When using Microsoft Azure, federated users are managed by the federated account in CloudGen Access, and the user may have difficulty changing the password in Azure. If running either Set-AzureADUserPassword
or Set-MsolUserPassword
fails with one of the following errors:
- Set-MsolUserPassword : You cannot reset a password for a federated user.
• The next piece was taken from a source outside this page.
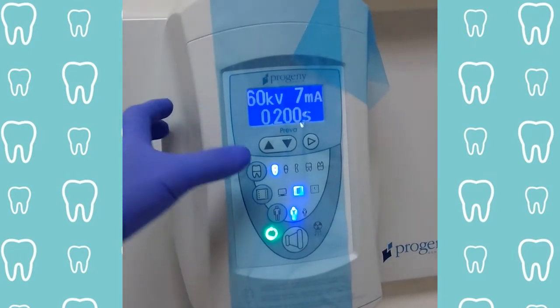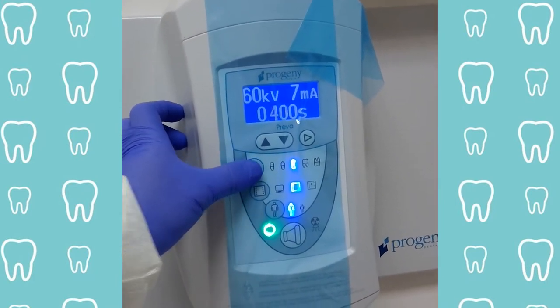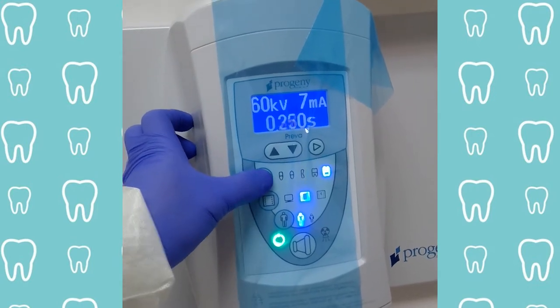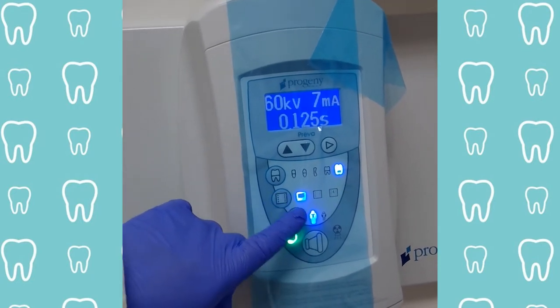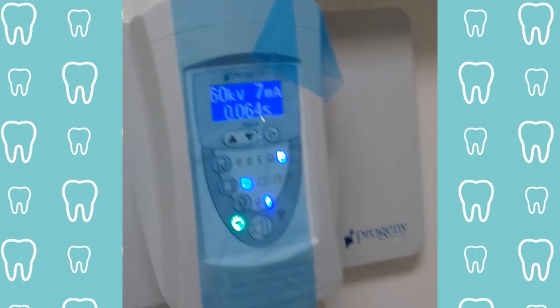For comfort and stabilization, adjust the headrest to meet the patient's head to stabilize them for x-rays so they don't strain themselves. Adjust the control panel: the first setting will be centrals, then canines, then bite wing x-rays, lower posterior teeth, and then upper posterior teeth. The middle setting will be for our digital, our films, or our phosphor plates. The last setting will be for adults or a child. Set correctly.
- Set-AzureADUserPassword : Error occurred while executing
SetUser Code: Request_BadRequest
For a workaround, you can temporarily change the user’s UserPrincipalName
to that of a managed domain, update the password, and then change the UserPrincipalName
back to the federated domain.
# Change UPN to managed domain
Set-AzureADUser -ObjectId xxxxx -UserPrincipalName user@domain.onmicrosoft.com
# Update the password
Set-AzureADUserPassword -ObjectId xxxxx
# Change UPN back to the federated domain
Set-AzureADUser -ObjectId xxxxx -UserPrincipalName user@domain.com
The user will eventually be signed out of the apps they are using, and will have to sign in again. The new password will remain until the user changes their password on-prem in Microsoft Entra ID, which will then sync across to Microsoft Entra ID.
For hybrid environments, users can still make changes on the Entra ID that will be sync'ed with Azure.